§ WORK INSTRUCTION
Look for the line that has "Young adults taking" in the material below; please repeat it and every line after it, exactly, up to and including the line that has "me sitting on", and nothing else.

§ THE INPUT
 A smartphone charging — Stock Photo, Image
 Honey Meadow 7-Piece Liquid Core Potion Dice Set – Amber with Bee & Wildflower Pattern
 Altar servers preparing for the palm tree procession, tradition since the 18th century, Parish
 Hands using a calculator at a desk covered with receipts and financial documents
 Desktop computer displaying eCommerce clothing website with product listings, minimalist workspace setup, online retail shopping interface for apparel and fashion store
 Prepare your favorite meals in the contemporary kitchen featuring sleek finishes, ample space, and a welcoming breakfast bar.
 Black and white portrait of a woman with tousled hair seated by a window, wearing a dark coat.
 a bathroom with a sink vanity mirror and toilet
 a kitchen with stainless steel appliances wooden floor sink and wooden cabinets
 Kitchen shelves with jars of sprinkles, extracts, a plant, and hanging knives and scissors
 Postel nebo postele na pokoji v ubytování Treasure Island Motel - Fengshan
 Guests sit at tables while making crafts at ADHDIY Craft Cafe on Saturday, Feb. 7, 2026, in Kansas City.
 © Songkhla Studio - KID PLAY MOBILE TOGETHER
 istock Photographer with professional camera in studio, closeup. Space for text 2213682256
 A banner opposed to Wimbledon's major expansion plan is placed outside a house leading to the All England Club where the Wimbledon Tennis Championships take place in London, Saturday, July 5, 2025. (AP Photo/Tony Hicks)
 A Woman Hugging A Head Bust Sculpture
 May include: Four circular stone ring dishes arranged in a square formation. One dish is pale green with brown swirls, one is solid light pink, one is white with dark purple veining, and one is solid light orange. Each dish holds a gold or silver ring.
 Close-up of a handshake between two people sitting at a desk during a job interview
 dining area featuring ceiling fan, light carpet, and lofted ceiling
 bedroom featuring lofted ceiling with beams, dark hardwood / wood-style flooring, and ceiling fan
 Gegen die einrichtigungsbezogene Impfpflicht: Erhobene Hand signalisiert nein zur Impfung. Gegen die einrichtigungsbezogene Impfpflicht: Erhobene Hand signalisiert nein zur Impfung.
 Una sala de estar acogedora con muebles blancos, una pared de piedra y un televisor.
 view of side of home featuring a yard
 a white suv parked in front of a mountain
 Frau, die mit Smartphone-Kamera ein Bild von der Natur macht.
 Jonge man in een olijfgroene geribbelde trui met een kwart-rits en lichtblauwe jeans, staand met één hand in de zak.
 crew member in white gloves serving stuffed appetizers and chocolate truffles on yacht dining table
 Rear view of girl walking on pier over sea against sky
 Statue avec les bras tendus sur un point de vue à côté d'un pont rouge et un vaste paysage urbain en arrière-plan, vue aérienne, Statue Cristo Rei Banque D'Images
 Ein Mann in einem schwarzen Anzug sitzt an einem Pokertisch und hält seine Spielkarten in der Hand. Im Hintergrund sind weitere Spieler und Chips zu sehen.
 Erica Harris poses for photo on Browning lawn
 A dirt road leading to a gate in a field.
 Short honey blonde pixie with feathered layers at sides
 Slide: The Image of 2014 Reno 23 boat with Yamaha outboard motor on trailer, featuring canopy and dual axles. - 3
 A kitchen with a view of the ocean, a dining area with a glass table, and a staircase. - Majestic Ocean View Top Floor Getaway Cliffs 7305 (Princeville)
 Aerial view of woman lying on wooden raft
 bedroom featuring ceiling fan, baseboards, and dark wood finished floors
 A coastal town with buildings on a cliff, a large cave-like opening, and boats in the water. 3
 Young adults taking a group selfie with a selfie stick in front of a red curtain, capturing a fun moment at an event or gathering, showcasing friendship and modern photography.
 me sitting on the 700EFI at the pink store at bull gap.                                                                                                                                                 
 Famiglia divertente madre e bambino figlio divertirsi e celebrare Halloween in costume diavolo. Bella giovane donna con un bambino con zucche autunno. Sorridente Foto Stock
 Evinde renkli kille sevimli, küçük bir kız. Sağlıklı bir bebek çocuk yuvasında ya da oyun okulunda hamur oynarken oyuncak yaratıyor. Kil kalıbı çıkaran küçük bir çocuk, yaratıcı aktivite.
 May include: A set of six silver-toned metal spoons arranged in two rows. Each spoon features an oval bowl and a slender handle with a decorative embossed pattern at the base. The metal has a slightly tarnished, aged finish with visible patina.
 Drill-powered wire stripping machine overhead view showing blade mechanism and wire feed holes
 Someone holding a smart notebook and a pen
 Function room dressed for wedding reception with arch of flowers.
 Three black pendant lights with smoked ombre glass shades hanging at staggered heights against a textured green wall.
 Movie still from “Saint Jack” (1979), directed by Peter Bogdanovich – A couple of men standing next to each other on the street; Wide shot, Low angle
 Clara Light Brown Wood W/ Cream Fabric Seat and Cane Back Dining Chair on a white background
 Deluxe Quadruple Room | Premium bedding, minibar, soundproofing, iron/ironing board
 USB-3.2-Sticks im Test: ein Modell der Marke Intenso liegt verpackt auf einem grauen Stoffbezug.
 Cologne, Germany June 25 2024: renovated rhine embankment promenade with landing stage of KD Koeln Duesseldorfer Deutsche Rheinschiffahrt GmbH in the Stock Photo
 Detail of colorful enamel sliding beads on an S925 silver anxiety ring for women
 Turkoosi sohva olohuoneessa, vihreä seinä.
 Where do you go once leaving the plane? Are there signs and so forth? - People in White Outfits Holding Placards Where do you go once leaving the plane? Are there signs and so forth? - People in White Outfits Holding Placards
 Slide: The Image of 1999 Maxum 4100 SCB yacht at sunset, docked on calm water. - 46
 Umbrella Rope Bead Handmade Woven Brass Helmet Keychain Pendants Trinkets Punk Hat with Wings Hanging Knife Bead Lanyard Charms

§ ANSWER TO THIS PROBLEM
 Young adults taking a group selfie with a selfie stick in front of a red curtain, capturing a fun moment at an event or gathering, showcasing friendship and modern photography.
 me sitting on the 700EFI at the pink store at bull gap.                                                                                                                                                 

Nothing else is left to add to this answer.